First step would be to jump into slack. We've got a #contributors channel for all these questions =)

We'd like to get to know y'all a little first, so you'll want to do a couple contributions. Check out good first issue for a list of those.

After that, we'll want to get an RFC together. I'm happy to help you pull all the pieces together on that in slack =)

I wanted to ask you that if we don't use say a traditional TLS or MITM approach (i.e we aren't decrypting the requests and forwarding them to the server).

Applications will likely need to send us unencrypted traffic so that we can do analytics on it. The other option would be some of the eBPF functionality around optimistic TLS. I don't believe that's mature quite enough yet and wouldn't hit the proxy anyways. To get unencrypted traffic, we'll likely want to have special domain names and ask application owners to change their connection strings.

wmorgan commented 4 years ago

There is a solution for this here: https://github.com/grampelberg/k8s-egress

m1o1 commented 2 years ago

Our security team wasn't really open to the idea of a single (egress) service receiving all the unencrypted egress traffic of the cluster. I think they would be more willing to consider it if it was the sidecar proxy doing it and the client application were to send it to localhost (in case it's not meshed, it would fail).

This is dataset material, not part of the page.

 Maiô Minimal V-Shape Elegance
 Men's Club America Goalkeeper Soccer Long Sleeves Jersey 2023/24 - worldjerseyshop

wmorgan commented 2 years ago

Egress control at the pod level is on the roadmap. Won't be in 2.12 itself but perhaps in 2.13? https://linkerd.io/2021/12/29/the-service-mesh-in-2022/

eloo-abi commented 1 year ago

Hi there, i was just searching for exactly this feature in linkerd :P

but it sadly looks this feature is not included in 2.13 as this is already released?

Is this feature still on the roadmap and can we estimate a milestone for this?

Thanks

channyein87 commented 1 year ago

Really need this feature to monitor the external traffic from the pod for observibility.

xsoheilalizadeh commented 7 months ago

This is a very practical feature for us, It would be great to see it in the next coming versions.

kflynn commented 7 months ago

This is still on the roadmap, although we don't have a definitive milestone for it yet. 😐

If any of y'all have a solid concept of what you think this should look like, we'd love to hear it – e.g. are you thinking of command-line support in linkerd viz? simply having metrics posted to Prometheus? splitting out metrics by egress destination? ???

zip-chanko commented 5 months ago

My current challenge is analyzing outgoing traffic from the cluster how the pods are accessing external resources such as internet, database, etc. Also there isn't any control for allowing whitelisted DNS domains since builtin network policy cannot do that. Currently using VPC flow logs but not really reliable when investigating connectivity issues like there were a lot of timeouts from one of the workloads calling to external resource which is behind a NLB and unable to trace with available telemetry data. We had too many assumptions whether the workloads itself or cluster networking or NLB.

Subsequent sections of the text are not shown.